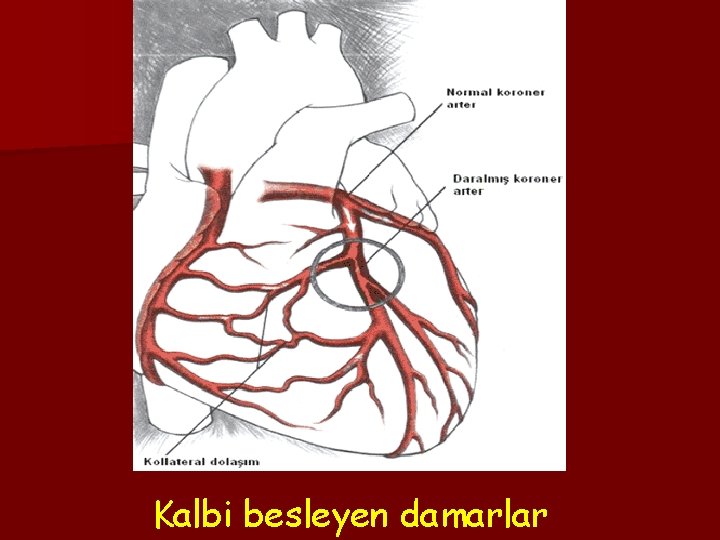 Kalbi besleyen damarlar 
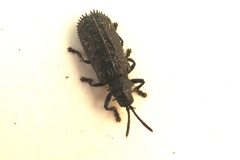 Hispellinus multispinosus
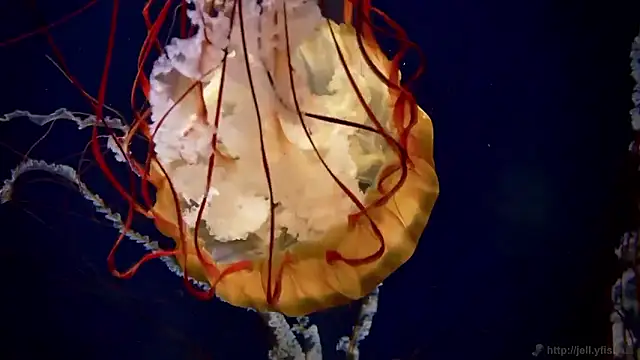 streamy test15 online show from 02/24/26, 02:15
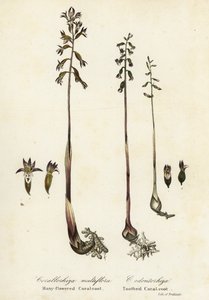 Gevlekte koraalwortel, Corallorhiza maculata, en herfst koraalwortel, Corallorhiza odontorhiza (Veelbloemige koraalwortel, Corallorhiza multiflora, en getande koraalwortel)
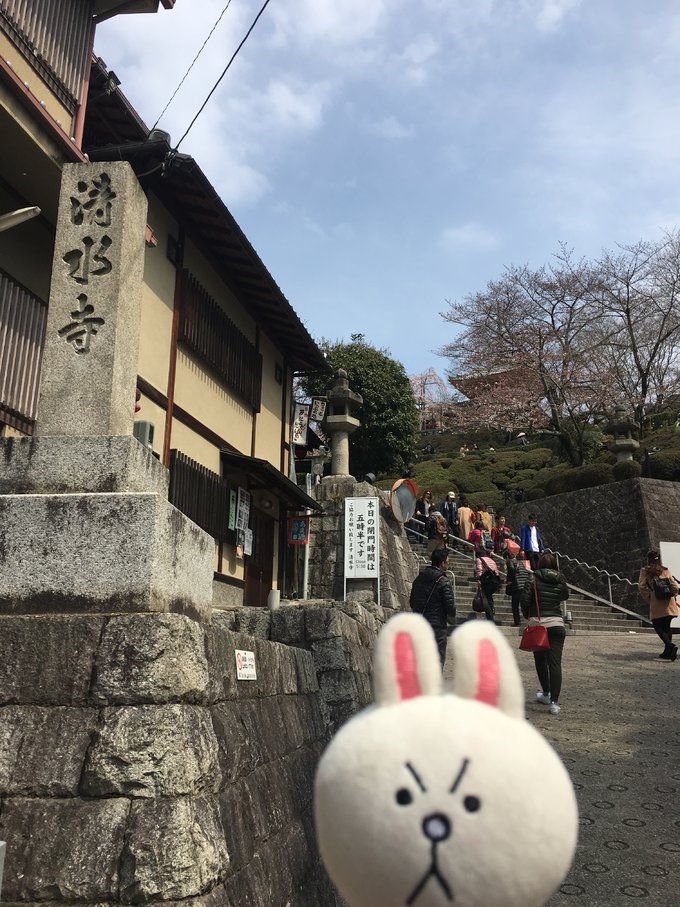 16年的大阪,京都樱花2016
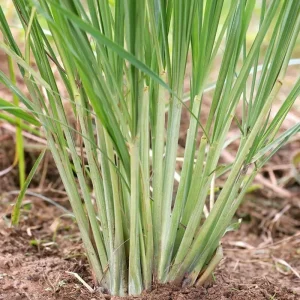 Lemongrass Live Plant - Two (2) Starter Plants for Culinary & Garden - Image 8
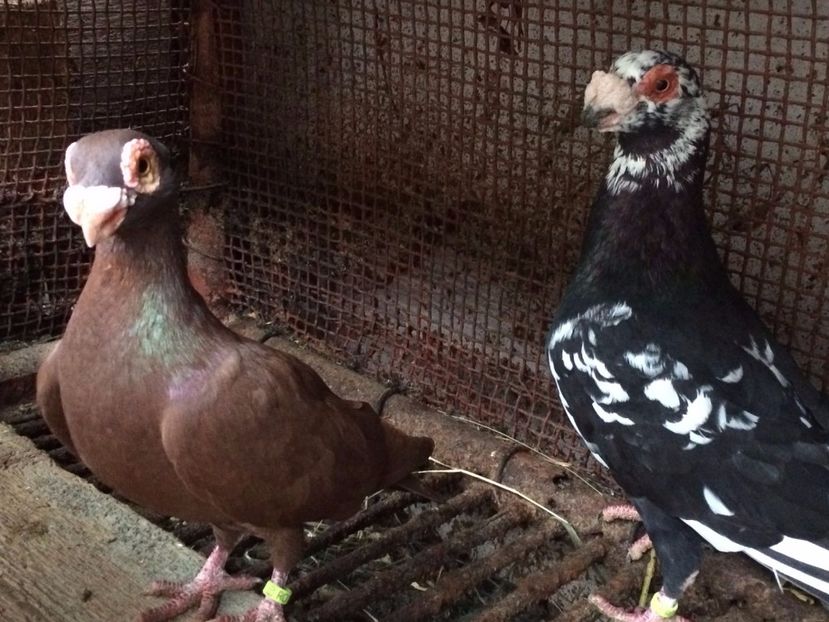 M2017F2017 - Perechi 2018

REQUIREMENT: Set down only the lines running from the line with "streamy test15 online" to the end of the entries, inclusive; omit every picture.

TASK ANSWER:
 streamy test15 online show from 02/24/26, 02:15
 Gevlekte koraalwortel, Corallorhiza maculata, en herfst koraalwortel, Corallorhiza odontorhiza (Veelbloemige koraalwortel, Corallorhiza multiflora, en getande koraalwortel)
 16年的大阪,京都樱花2016
 Lemongrass Live Plant - Two (2) Starter Plants for Culinary & Garden - Image 8
 M2017F2017 - Perechi 2018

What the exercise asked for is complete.